Each line from the one holding "4JGDA5JB5GA687116 2016 MERCEDES-BENZ" to the last line below must be restated word for word, and no picture may be included.

** INPUT MATERIAL follows **

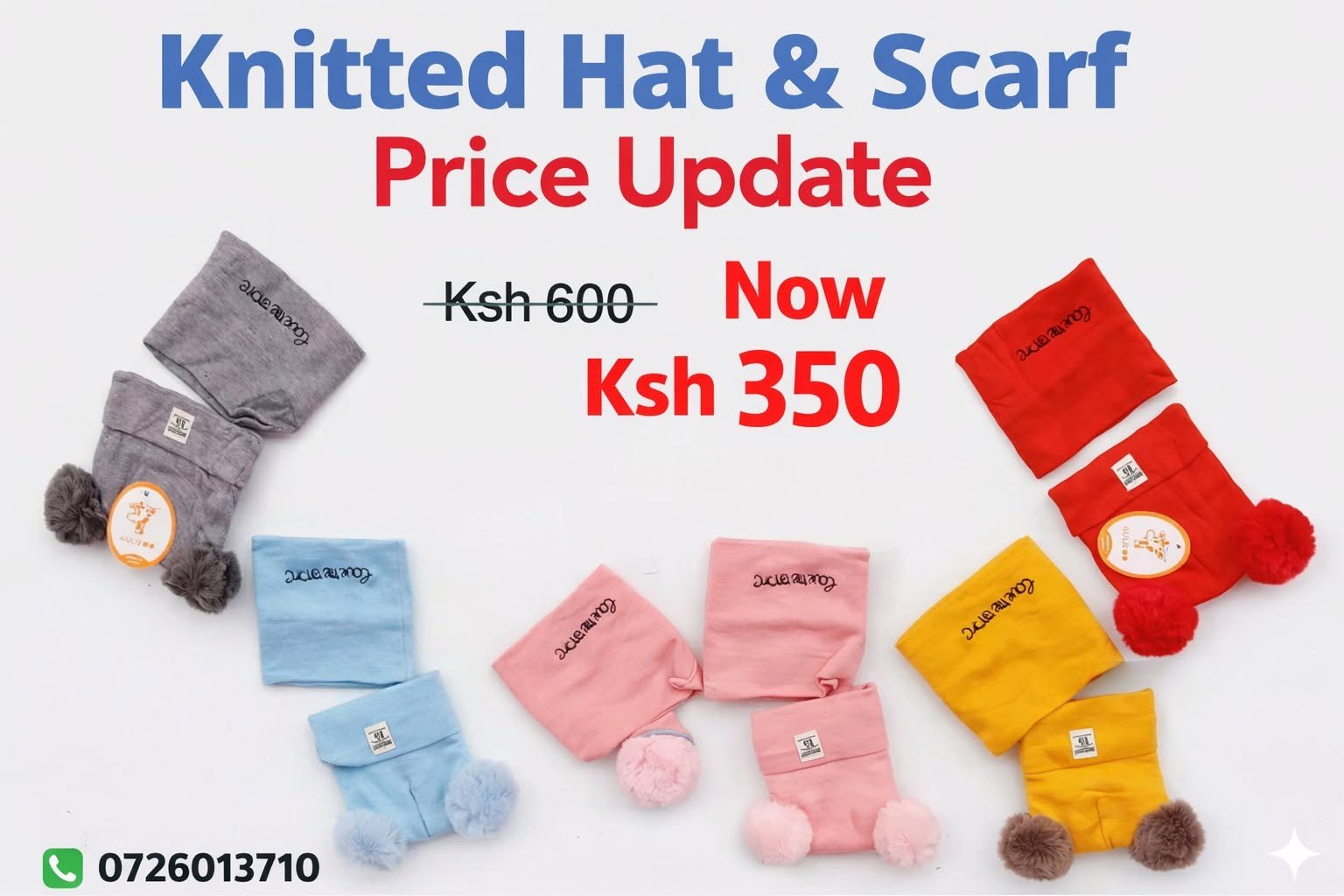 Knitted Hat & Scarf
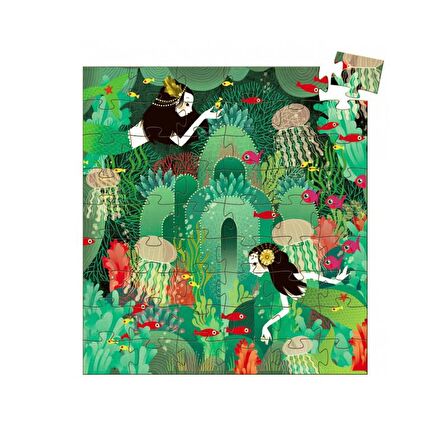 Djeco Dekoratif Puzzle 54 Parça - Su Perisi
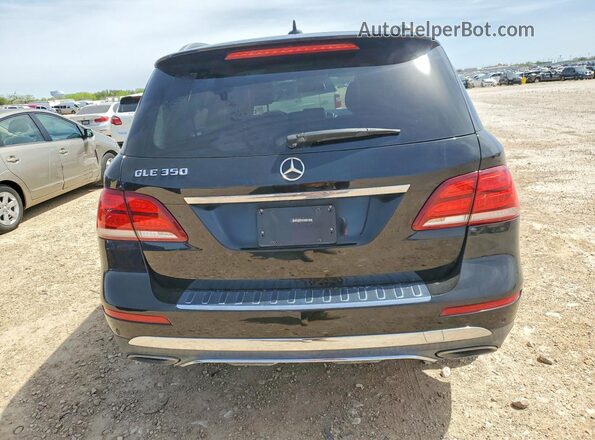 4JGDA5JB5GA687116 2016 MERCEDES-BENZ GLE Черный Вид салона спереди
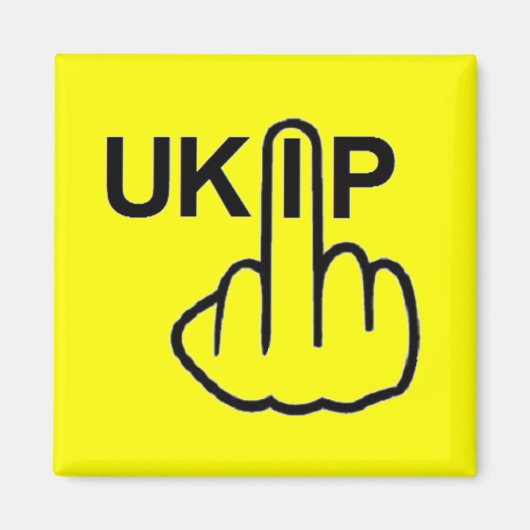 Magnet UKIP Dreh (Vorne)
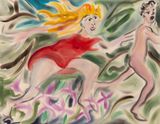 Fond Chase by Sophie Von Hellermann contemporary artwork painting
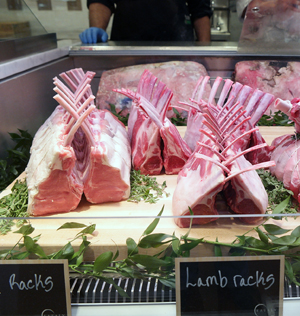 Photo by Milo Hess These nice racks were on display at the new Eataly's Aug. 2 preview event.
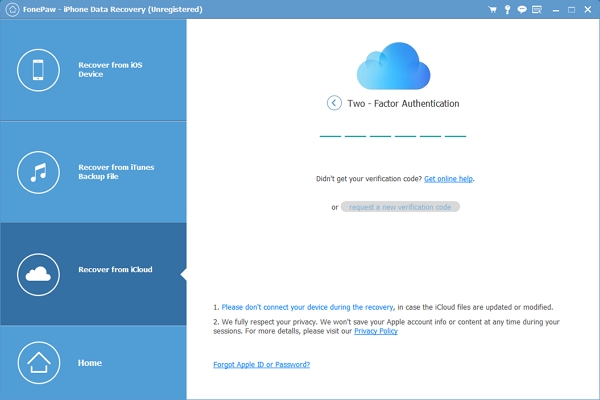 iCloud Two-Factor Authorization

** End of INPUT MATERIAL **

**RESULT OF THIS EXERCISE**:
 4JGDA5JB5GA687116 2016 MERCEDES-BENZ GLE Черный Вид салона спереди
 Magnet UKIP Dreh (Vorne)
 Fond Chase by Sophie Von Hellermann contemporary artwork painting
 Photo by Milo Hess These nice racks were on display at the new Eataly's Aug. 2 preview event.
 iCloud Two-Factor Authorization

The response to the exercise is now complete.